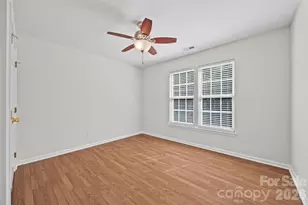 115 Doby Creek Ct, Fort Mill, SC 29715 - Photo 30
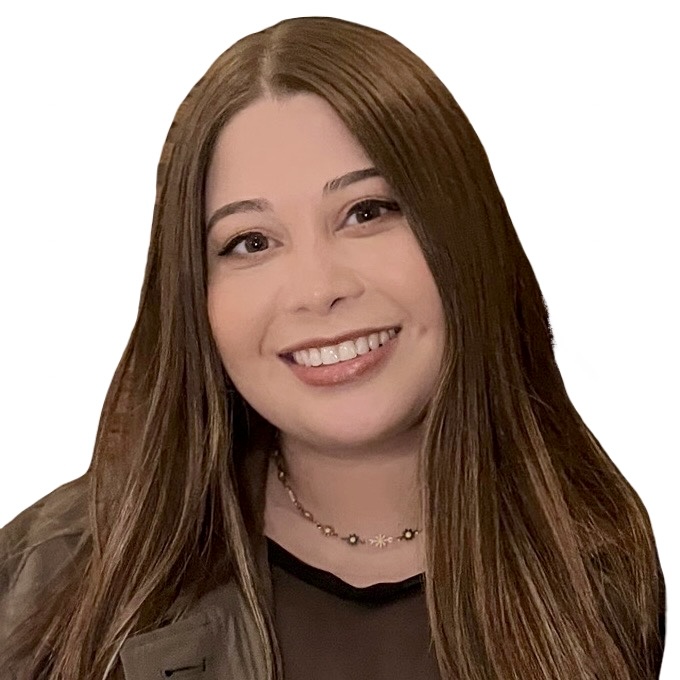 Farah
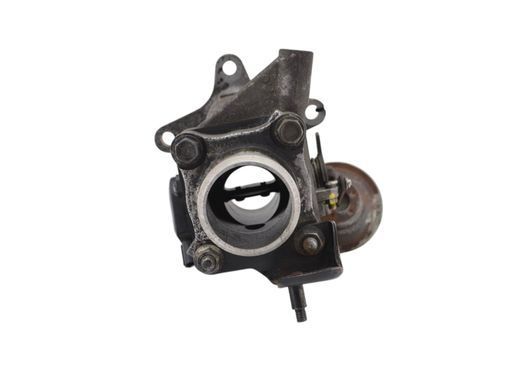 Дросельна заслонка HONDA CR-V 2006-2010 17120RMCE01, 17120RMCE01, A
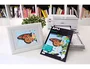 Apli Papel Fotográfico Everyday A4 180g Brillante Pack de 100 Hojas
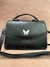 Cartera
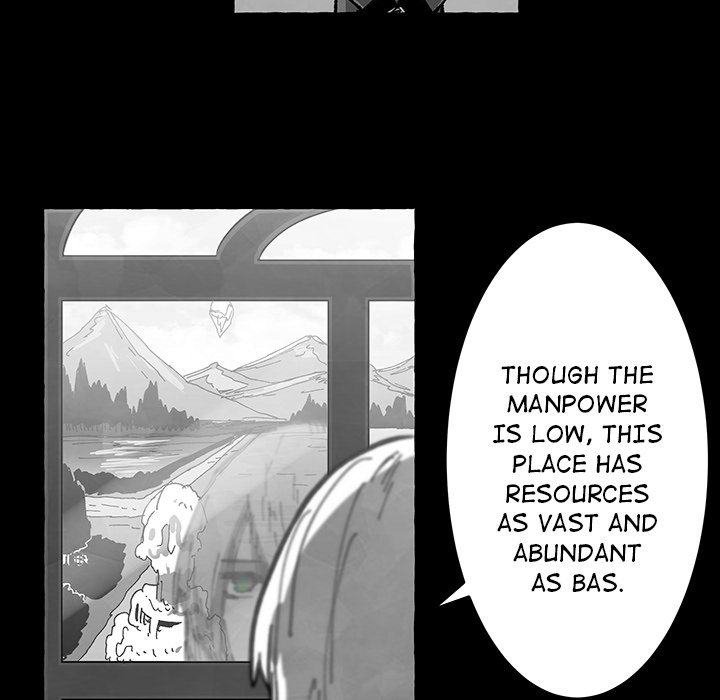 Nine Fantasy - episode 60 - 7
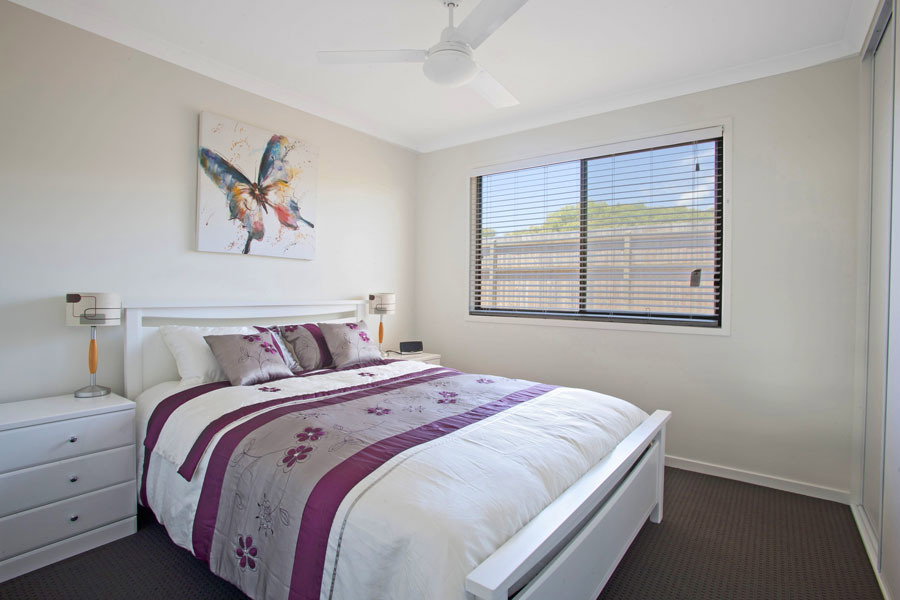 1/16 Waterfront Drive, Agnes Water  QLD  4677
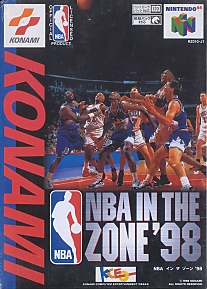 Large scan available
______________________________
**Exercise requirements**
Please write out exactly the lines from the one containing "Дросельна заслонка HONDA" through the last line of the records above, and leave out any pictures.

**Your solution**
 Дросельна заслонка HONDA CR-V 2006-2010 17120RMCE01, 17120RMCE01, A
 Apli Papel Fotográfico Everyday A4 180g Brillante Pack de 100 Hojas
 Cartera
 Nine Fantasy - episode 60 - 7
 1/16 Waterfront Drive, Agnes Water  QLD  4677
 Large scan available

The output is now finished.